The voice changed: it was the other man again, the surgeon-general. “I don’t know exactly how you did it,” he said, “but I’m impressed. Buried memories, autosuggestion . . . what was it?”
“I have no idea what you’re talking about.”
“The business with the Vigrid constabulary.”
Again, “I’m sorry?”
“The girl had to be primed to emerge from her shell. There must have been a trigger. Perhaps after eight or nine years she knew, on a subconscious level, that she had spent enough time amongst the badland villagers to begin the next phase of her infiltration: penetrating the highest level of our very order. Why, I don’t yet know, although I’m a wee bit inclined to think
you
do.”
Scorpio said nothing. He let the man continue speaking.
“She had to wait until a means arrived to reach the Permanent Way. Then she had to signal to you that she was on her way, so that you would know to bring your ship in from the cold. It was a question of timing: your successful dealings with the dean obviously depended on internal intelligence fed to you by the girl. There are machines in her head—they rather resemble Conjoiner implants—but I doubt that you could read them from orbit. So you needed another sign, something you couldn’t possibly miss. The girl sabotaged a store of demolition charges, didn’t she? She blew it up, drawing down the attention of the constabulary. I doubt that she even knew she had done it herself: it was probably more like sleepwalking, acting out buried commands. Then she felt an inexplicable need to leave home and journey to the cathedrals. She concocted a motive for herself: a search for her long-lost brother, even though every rational bone in her body must have told her he was already dead. You, meanwhile, had your signal. The sabotage was reported on all the local news networks; doubtless you had the means to intercept them even far beyond Hela. I imagine there was something unambiguous about it—the time of day, perhaps—that made it absolutely clear that it was the work of your spy.”
Scorpio saw that there was no further point in bluffing. “You’ve done your homework,” he said.
“Bloodwork, really, but I take your point.”

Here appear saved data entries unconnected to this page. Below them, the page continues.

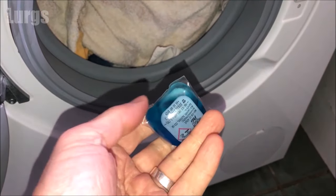Now if you use these pods or tablets, these can go straight inside the drum and you do not need to carry on watching this video.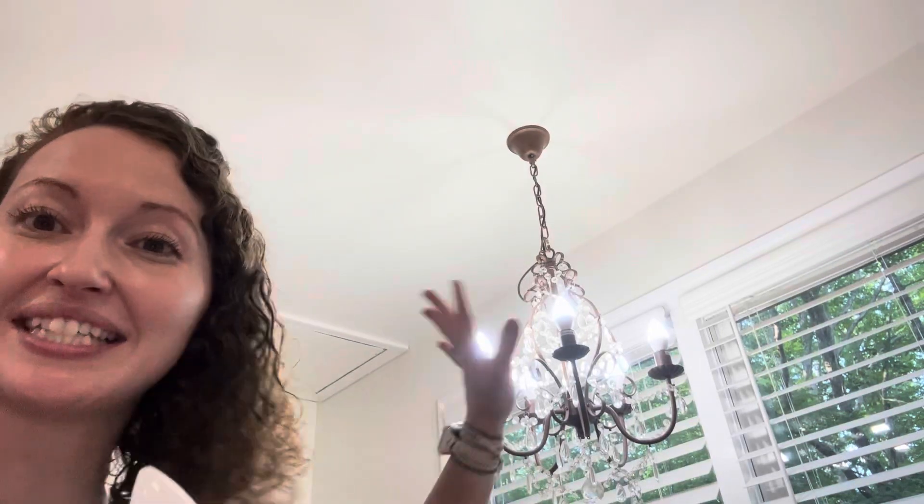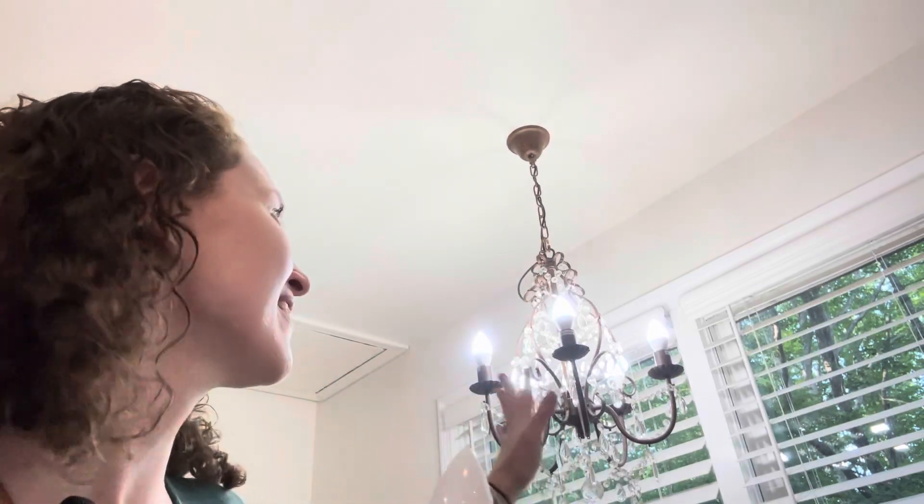Hey guys, Sarah here. Today I want to show you my Maxvelator Candelabra light bulbs. I think this is such a pretty, happy white in my chandelier.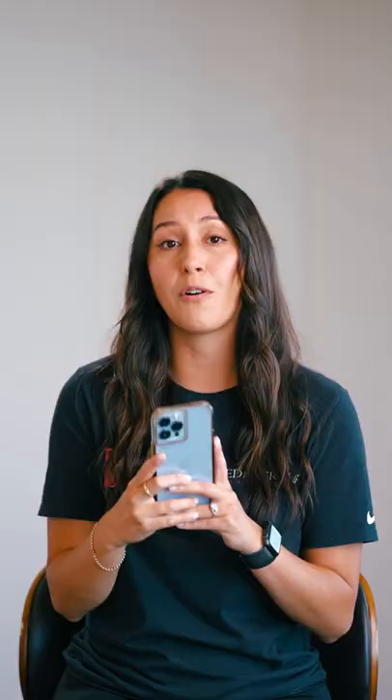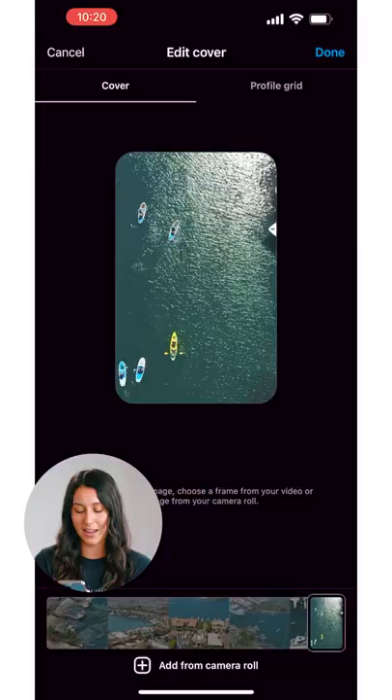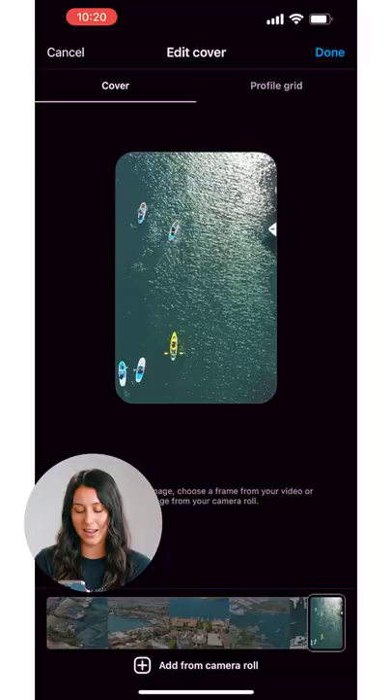To begin, hit edit cover. After that, go ahead and slide the bottom until you find the right thumbnail for yourself, or we really recommend hitting add from camera roll. From there, hit your quality photo and you're good to go.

“Touch her, and I’ll turn you to dust.”
He heard the smile in the surgeon-general’s voice. “I think touching her is the last thing any of us have in mind. I don’t think we intend to harm a hair on her head. On that note, why don’t I put you back on to the dean? I think he has an interesting proposition.”
The whispery voice again, like someone blowing through driftwood: “A proposition, yes,” the dean said. “I was prepared to take your ship by force because I never imagined I’d have any leverage over you. Force, it seems, has failed. I’m surprised: Seyfarth assured me he had every confidence in his own abilities. Frankly, it doesn’t matter now that I have the girl. Obviously she means something to you. That means you’re going to do what I want, without a single one of my agents lifting a finger.”
“Let’s hear your proposition,” Scorpio said.
“I told you I wanted the loan of your ship. As a gesture of my good faith—and my extremely forgiving nature—that arrangement still stands. I will take your ship, use it as I see fit, and then I shall return it to you, its occupants and infrastructure largely intact.”